The solution uses a combinatorial approach. The total number of paths is given by nCr(row + column, row) (or equivalently nCr(row + column, column)), where nCr(n, k) denotes "n choose k". We iterate through the possible moves, deciding at each step whether to move horizontally or vertically based on the remaining number of horizontal and vertical moves and the value of k.

Algorithm:

  1. Precompute Combinations: We first precompute the binomial coefficients (combinations) using dynamic programming. This is done to avoid redundant calculations of nCr within the main loop. The c[i][j] array stores nCr(i, j).

  2. Iterative Path Construction: The core logic lies in the loop that iterates row + column times. In each iteration:

    • If there are no horizontal moves left (h == 0), we must move vertically ('V').
    • Otherwise, we calculate the number of paths that start with 'V' (x = c[v + h - 1][h - 1]).
    • If k is greater than x, it means the k-th lexicographically smallest path starts with 'V'. We append 'V' to the result, decrement v, and subtract x from k (because we've considered all paths starting with 'V').
    • Otherwise, the k-th path starts with 'H'. We append 'H' to the result and decrement h.
  3. Return Result: Finally, we return the constructed string.

Time Complexity Analysis:

  • Precomputation: The precomputation of binomial coefficients takes O((row + column)^2) time due to the nested loops in the DP approach.
  • Path Construction: The loop iterates row + column times. Each iteration takes constant time. Therefore, the path construction takes O(row + column) time.
  • Overall: The dominant factor is the precomputation, so the overall time complexity is O((row + column)^2).

Space Complexity Analysis:

  • Precomputation: We use a 2D array c of size O((row + column)^2) to store binomial coefficients.
  • Path Construction: The space used for the ans string is O(row + column).
  • Overall: The space complexity is dominated by the c array, resulting in O((row + column)^2) space complexity.

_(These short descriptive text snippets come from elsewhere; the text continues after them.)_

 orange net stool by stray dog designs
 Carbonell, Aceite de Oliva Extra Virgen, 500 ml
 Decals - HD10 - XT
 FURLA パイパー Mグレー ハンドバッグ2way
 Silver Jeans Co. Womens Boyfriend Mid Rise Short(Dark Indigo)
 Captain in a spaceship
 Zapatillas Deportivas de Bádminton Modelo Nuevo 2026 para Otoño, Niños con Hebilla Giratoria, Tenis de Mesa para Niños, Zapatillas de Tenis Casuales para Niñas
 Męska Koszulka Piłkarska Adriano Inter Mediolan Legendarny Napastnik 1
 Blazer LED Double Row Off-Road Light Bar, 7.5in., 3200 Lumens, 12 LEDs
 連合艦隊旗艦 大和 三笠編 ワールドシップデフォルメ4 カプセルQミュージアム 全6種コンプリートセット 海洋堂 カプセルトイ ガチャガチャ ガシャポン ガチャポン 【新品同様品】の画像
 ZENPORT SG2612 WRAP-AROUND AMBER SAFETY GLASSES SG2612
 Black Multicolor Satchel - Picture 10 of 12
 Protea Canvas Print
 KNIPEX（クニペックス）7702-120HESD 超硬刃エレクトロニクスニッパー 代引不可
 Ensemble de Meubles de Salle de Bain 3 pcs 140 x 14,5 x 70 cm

Code Explanation (Python):

The Python code uses the comb function from the scipy.special module for efficient binomial coefficient calculation. If scipy is not available, a manual DP-based calculation (as shown in other languages) should be used instead. The rest of the algorithm follows the steps described above.

Code Explanation (Other Languages):

The Java, C++, and Go codes implement the same algorithm but explicitly calculate the binomial coefficients using dynamic programming. They all achieve the same time and space complexity. Note that C++ uses memset for efficient array initialization.

The choice of language affects only the syntax and minor implementation details, but the underlying algorithm and complexity remain consistent across all provided solutions.